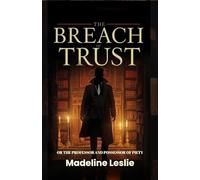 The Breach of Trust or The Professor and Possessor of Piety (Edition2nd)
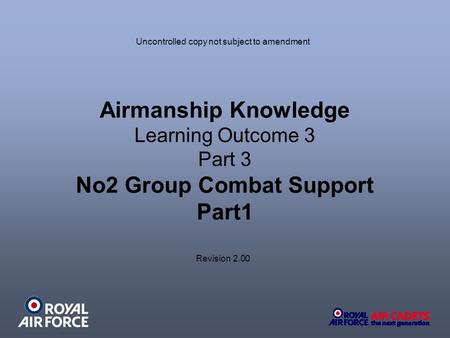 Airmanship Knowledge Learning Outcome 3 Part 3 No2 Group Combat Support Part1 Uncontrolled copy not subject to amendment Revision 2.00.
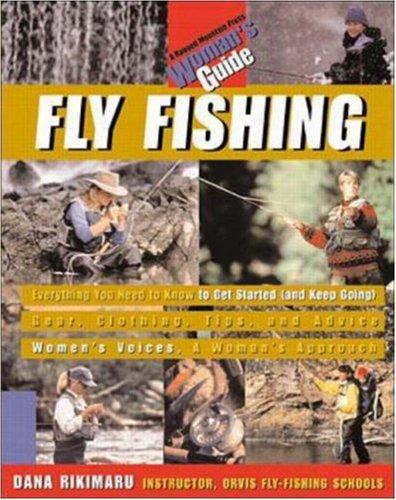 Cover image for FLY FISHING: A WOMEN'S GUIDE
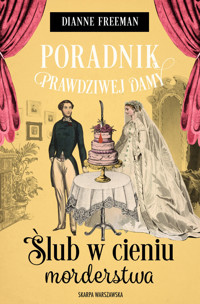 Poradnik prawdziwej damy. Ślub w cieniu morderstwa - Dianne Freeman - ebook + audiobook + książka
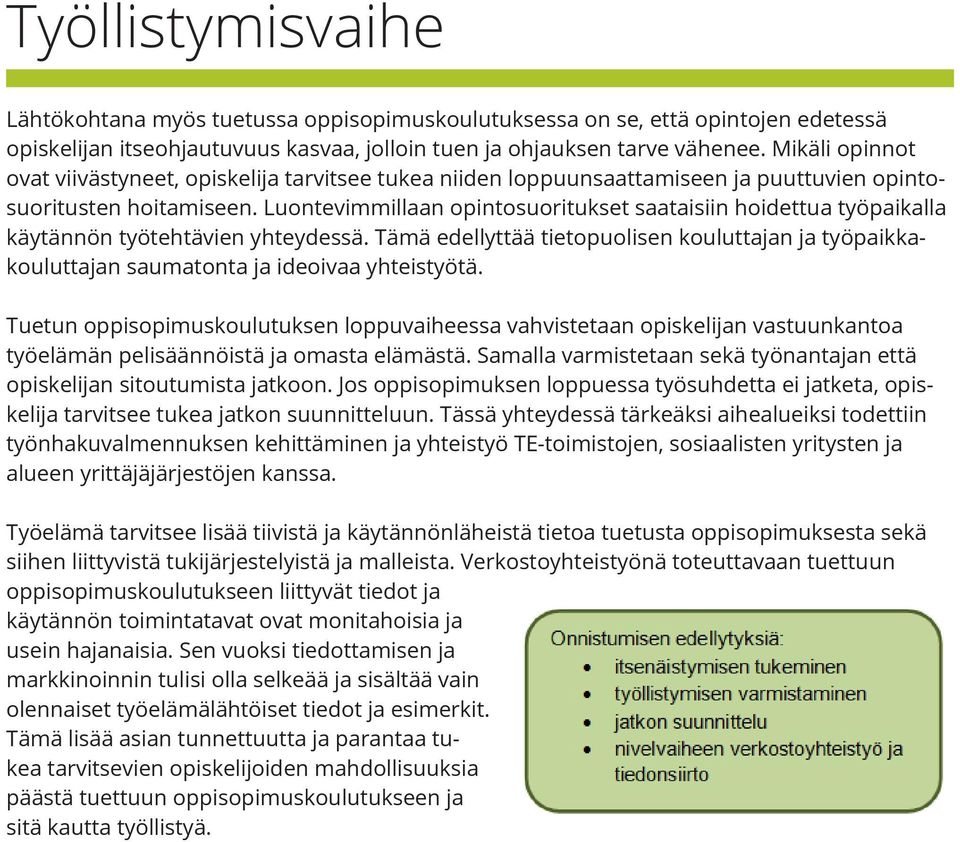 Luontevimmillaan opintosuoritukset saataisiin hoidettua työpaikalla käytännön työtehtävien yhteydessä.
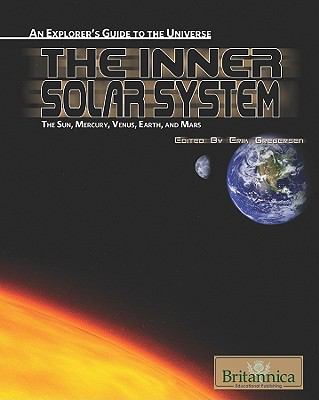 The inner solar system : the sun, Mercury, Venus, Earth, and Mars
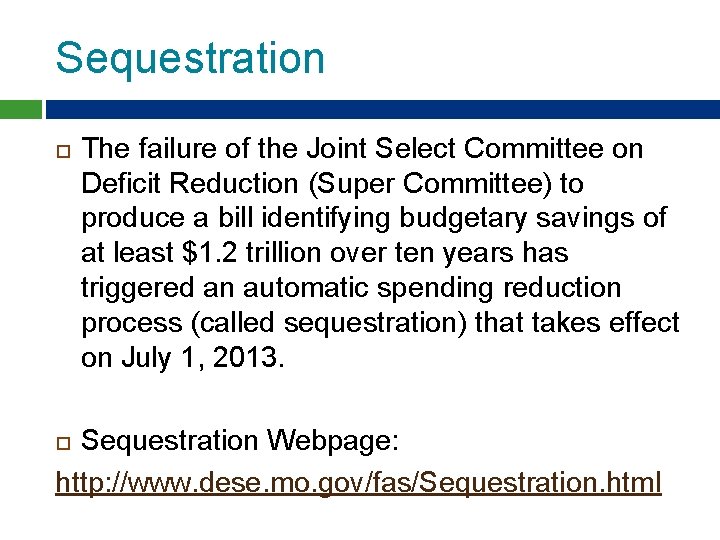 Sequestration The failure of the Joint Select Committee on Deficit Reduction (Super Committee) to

• • • •

◆ **WHAT TO PRODUCE**: Take the lines above from the top of the records through the one with "Cover image for FLY FISHING: A WOMEN'S GUIDE" and repeat them exactly, without any pictures.

◆ **TASK ANSWER**:
 The Breach of Trust or The Professor and Possessor of Piety (Edition2nd)
 Airmanship Knowledge Learning Outcome 3 Part 3 No2 Group Combat Support Part1 Uncontrolled copy not subject to amendment Revision 2.00.
 Cover image for FLY FISHING: A WOMEN'S GUIDE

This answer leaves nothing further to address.